WORK REQUEST: In the entries below, find the line with "Fool's Night Capítulo" and the line with "2022 Chevrolet Equinox LT photo 4"; copy them and every line between them exactly, but not the pictures.

PROVIDED MATERIAL:

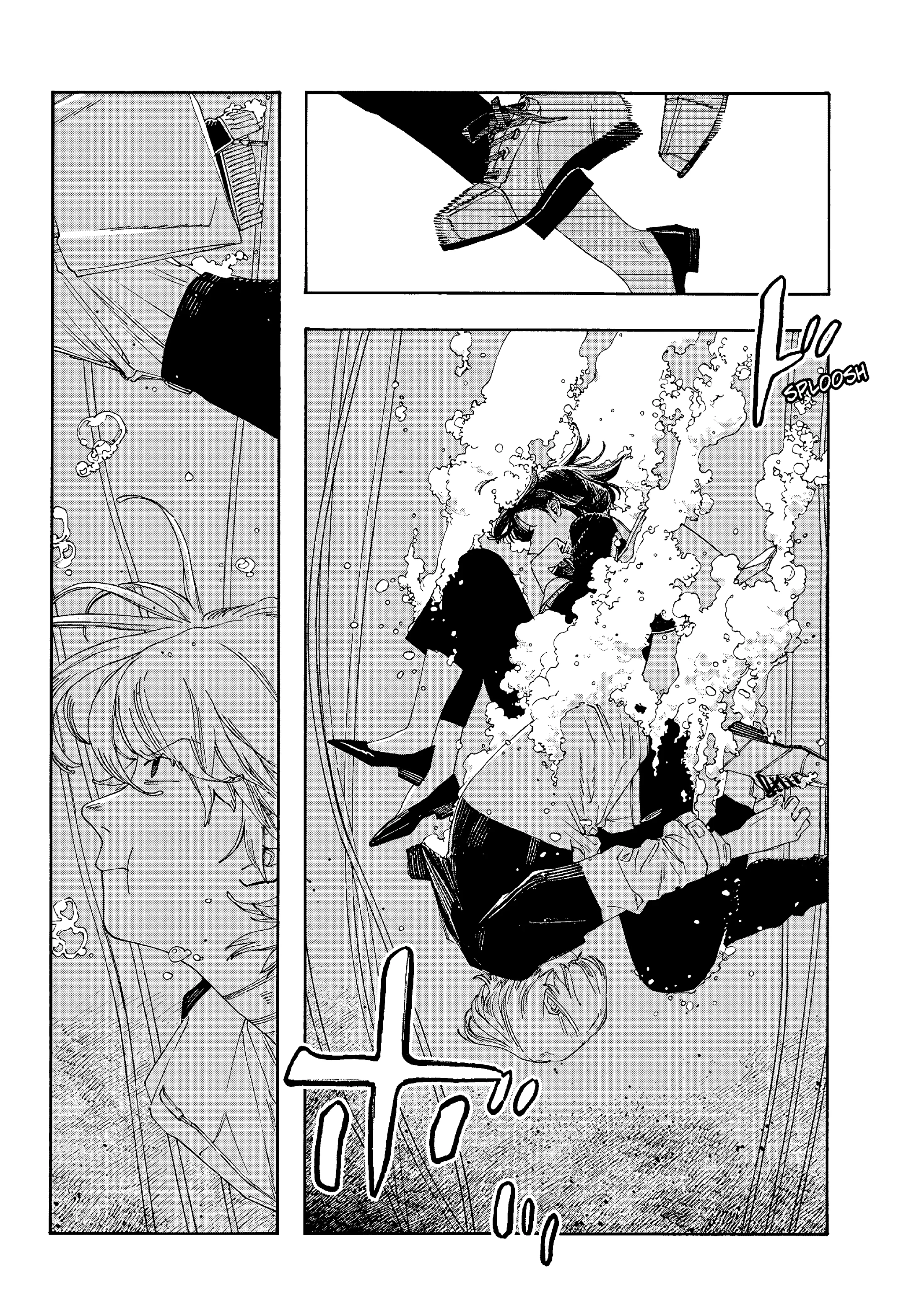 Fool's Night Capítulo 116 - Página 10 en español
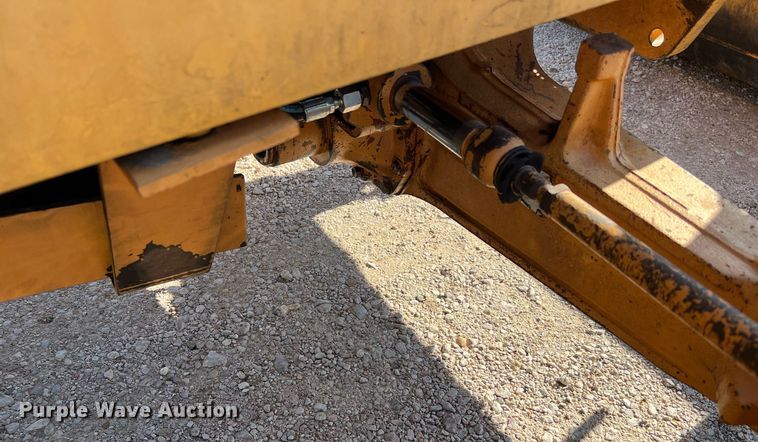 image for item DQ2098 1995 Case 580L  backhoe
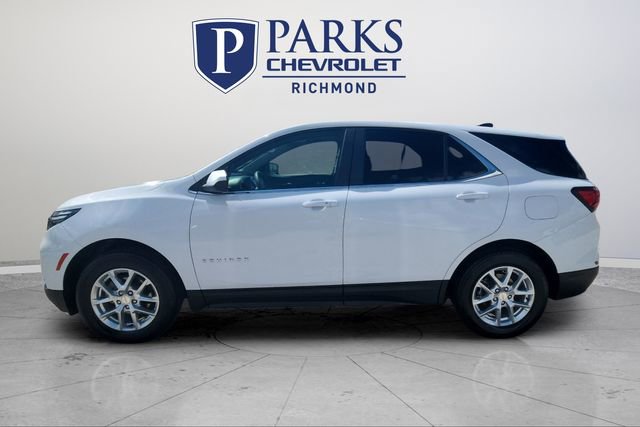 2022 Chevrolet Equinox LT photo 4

...

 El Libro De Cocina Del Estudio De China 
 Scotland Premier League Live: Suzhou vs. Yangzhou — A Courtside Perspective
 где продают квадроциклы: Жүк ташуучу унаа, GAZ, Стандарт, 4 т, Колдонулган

ANSWER:
 Fool's Night Capítulo 116 - Página 10 en español
 image for item DQ2098 1995 Case 580L  backhoe
 2022 Chevrolet Equinox LT photo 4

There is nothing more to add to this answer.